**Problem**
Search the data below, and report every line in which "Hair" occurs.

(Records excerpted from a collection)
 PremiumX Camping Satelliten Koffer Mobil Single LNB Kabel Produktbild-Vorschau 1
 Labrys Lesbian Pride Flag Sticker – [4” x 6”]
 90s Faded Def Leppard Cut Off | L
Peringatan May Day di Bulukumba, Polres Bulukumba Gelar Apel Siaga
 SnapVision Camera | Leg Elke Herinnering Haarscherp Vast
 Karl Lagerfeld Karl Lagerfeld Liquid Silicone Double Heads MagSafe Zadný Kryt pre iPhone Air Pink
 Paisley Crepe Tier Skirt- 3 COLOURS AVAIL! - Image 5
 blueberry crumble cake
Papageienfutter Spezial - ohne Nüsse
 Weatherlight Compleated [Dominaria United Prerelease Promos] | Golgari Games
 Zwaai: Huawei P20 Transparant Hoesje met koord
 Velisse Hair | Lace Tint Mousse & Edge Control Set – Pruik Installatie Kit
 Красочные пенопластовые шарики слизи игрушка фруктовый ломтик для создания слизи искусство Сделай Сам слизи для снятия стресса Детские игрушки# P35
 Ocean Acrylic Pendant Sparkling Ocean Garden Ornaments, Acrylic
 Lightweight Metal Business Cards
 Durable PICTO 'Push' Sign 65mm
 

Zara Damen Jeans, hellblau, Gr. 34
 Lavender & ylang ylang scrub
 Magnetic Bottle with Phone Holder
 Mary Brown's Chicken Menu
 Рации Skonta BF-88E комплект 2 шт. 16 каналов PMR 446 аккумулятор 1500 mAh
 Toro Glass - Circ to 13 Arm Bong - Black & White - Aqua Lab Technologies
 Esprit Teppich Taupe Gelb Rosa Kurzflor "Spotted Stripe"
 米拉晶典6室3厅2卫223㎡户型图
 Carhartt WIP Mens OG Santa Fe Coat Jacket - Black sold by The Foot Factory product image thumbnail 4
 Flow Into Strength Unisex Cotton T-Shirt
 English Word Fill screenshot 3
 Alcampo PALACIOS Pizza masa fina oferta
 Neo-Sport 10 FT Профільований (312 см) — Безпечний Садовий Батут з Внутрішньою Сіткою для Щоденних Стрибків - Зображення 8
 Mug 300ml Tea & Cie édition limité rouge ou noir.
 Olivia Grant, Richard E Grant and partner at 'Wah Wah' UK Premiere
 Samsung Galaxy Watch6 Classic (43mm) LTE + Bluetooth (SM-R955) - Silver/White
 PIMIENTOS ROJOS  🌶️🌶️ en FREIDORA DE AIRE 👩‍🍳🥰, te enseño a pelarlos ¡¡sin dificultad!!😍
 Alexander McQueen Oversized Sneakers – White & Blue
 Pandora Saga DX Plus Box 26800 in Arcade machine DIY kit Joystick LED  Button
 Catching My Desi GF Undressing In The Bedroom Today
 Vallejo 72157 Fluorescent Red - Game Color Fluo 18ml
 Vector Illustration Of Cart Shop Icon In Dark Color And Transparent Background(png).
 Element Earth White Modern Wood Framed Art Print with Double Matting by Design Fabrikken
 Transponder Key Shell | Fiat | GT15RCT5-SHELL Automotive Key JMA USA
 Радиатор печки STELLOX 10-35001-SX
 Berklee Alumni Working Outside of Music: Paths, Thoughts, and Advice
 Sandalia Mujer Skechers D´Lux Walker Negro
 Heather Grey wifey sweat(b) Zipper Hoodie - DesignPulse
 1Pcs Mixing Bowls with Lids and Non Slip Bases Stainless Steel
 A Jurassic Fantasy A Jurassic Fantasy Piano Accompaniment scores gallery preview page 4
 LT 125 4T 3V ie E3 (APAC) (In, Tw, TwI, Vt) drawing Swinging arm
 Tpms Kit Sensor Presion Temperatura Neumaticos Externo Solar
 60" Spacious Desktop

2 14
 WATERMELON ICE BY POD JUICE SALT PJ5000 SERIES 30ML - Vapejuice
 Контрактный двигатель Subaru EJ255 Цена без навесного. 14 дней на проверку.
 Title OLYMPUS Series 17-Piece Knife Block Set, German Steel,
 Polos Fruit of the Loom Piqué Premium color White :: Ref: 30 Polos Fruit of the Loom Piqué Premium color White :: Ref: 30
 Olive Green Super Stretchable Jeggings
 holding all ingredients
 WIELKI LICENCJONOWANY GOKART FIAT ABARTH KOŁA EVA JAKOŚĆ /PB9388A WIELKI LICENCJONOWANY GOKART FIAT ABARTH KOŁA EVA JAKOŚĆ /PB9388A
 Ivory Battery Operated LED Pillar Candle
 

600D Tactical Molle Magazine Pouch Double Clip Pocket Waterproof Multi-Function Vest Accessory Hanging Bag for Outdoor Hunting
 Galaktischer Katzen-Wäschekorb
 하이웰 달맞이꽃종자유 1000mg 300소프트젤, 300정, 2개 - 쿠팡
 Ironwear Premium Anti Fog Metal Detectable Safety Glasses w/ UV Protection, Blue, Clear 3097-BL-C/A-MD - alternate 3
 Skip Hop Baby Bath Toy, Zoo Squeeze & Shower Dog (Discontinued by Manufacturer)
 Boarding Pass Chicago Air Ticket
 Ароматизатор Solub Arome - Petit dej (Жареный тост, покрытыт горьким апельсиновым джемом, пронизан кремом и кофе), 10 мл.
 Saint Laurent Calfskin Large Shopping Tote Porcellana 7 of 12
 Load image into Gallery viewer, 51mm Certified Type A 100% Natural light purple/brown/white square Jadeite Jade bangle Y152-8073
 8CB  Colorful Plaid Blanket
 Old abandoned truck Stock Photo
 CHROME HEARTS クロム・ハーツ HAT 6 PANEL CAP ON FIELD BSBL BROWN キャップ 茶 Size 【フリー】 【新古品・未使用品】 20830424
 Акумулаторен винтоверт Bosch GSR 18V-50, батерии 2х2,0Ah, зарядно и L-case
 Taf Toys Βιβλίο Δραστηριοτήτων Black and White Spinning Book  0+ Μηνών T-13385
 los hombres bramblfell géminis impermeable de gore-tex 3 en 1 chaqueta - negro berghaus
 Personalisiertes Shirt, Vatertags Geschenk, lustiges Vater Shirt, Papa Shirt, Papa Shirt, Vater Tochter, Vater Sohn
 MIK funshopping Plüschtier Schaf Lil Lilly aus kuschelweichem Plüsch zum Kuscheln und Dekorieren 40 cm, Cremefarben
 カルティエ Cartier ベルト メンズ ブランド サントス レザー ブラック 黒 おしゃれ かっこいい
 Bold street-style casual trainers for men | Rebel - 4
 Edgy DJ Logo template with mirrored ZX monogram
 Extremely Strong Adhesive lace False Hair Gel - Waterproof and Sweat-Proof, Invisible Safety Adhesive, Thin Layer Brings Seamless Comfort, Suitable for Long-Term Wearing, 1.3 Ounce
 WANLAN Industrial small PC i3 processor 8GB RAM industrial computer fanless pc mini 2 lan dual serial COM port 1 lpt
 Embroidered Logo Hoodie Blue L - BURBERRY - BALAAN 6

**Answer section**
 Velisse Hair | Lace Tint Mousse & Edge Control Set – Pruik Installatie Kit
 Extremely Strong Adhesive lace False Hair Gel - Waterproof and Sweat-Proof, Invisible Safety Adhesive, Thin Layer Brings Seamless Comfort, Suitable for Long-Term Wearing, 1.3 Ounce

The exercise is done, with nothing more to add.